There are traders who prefer to sell off their stocks before the close of the market day to avoid the risks arising out of the price gaps between the closing price on the day they bought a stock and its opening price on the next day. They consider this practice as a golden rule and follow it almost religiously.

Other traders believe in allowing the profits to run so they stay with the position even after the market closes.

As said earlier, the number of trades you make on a trading day depends upon your trading style or trading strategies.

Profits and risks in day trading

Day traders make quick bucks and also quick losses in a matter of minutes or at the end of the trading day. Day trading may evoke the visions of gamblers gaming in casinos. There is, however, a marked difference between day trading and gambling.

While, you cannot make any calculated moves or devise any intelligent strategies in gambling, except when you are out to cheat others, day trading involves very serious understanding of the process of trading.

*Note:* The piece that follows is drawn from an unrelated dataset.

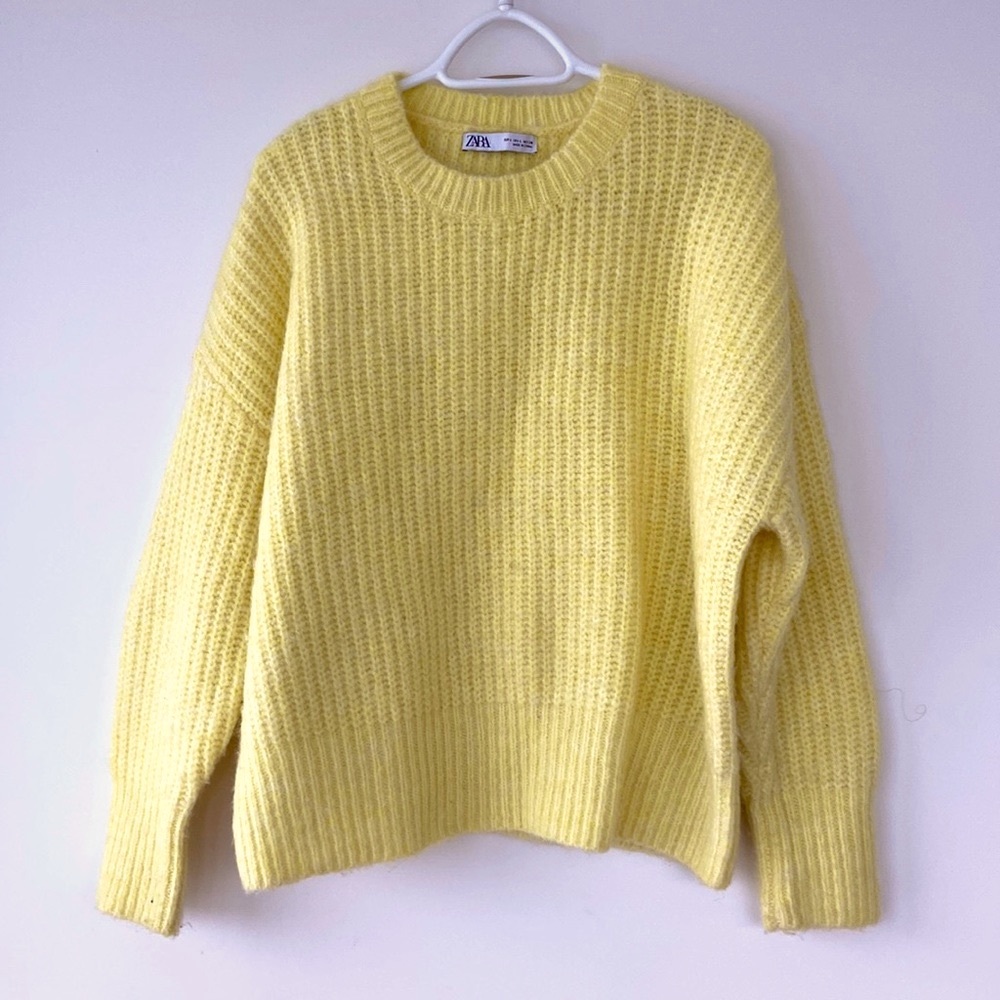 Bright Yellow Zara Knit Crew Neck Sweater - Size L (NWOT)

You study the general market trends and the movement of the stocks. You make fundamental and technical analysis and keep yourself abreast of the latest news flashes about the stocks of the companies that you trade in and much more.

Day trading is not playing a blind man’s buff or just throwing away a dice. You have to be very alert and cautious before every move. It would, therefore, be unfair to call day traders gamblers or bandits as some frustrated losers in day trading are apt to do.

Experienced and intuitive traders generate huge percentage of returns from day trading. Some stock traders manage to mint millions per year solely on the day trading. A large number of persons have successfully made day trading a sole avenue of making their livelihood.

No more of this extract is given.